■ **YOUR INSTRUCTIONS**
The response must consist of the lines below from the one with "Cuccioli di welsh corgi pembroke" through the one with "Pied Oystercatcher (Haematopus", exactly as they appear and with both ends kept.
Start of SOURCE RECORDS
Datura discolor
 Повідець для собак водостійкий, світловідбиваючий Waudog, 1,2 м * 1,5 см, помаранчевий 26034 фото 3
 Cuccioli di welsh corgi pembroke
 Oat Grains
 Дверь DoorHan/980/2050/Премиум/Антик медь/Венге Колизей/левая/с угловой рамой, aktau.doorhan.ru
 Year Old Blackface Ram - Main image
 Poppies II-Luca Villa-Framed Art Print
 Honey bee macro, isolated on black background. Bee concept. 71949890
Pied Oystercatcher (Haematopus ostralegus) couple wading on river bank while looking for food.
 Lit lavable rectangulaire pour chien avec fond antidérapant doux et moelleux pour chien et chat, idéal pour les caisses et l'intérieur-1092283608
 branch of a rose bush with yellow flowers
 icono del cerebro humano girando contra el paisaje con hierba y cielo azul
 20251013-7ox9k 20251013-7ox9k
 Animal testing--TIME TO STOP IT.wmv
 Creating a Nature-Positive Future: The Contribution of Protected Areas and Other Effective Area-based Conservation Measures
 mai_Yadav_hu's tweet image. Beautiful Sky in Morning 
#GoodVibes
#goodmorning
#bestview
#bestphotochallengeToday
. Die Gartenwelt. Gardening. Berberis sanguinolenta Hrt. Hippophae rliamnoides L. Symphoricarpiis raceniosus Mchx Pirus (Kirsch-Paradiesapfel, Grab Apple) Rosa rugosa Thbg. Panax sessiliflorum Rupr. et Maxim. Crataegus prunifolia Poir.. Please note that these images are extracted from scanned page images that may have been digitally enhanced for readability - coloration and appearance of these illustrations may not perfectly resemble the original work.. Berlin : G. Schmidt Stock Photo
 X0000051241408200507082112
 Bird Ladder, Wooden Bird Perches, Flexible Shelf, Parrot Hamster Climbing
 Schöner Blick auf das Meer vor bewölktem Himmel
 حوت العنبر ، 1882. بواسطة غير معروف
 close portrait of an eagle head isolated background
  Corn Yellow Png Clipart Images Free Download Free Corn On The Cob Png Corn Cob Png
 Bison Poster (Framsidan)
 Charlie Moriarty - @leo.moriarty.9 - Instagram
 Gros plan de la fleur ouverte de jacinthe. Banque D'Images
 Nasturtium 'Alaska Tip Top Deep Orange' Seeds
End of SOURCE RECORDS
■ **RESPONSE TO THIS TASK**
 Cuccioli di welsh corgi pembroke
 Oat Grains
 Дверь DoorHan/980/2050/Премиум/Антик медь/Венге Колизей/левая/с угловой рамой, aktau.doorhan.ru
 Year Old Blackface Ram - Main image
 Poppies II-Luca Villa-Framed Art Print
 Honey bee macro, isolated on black background. Bee concept. 71949890
Pied Oystercatcher (Haematopus ostralegus) couple wading on river bank while looking for food.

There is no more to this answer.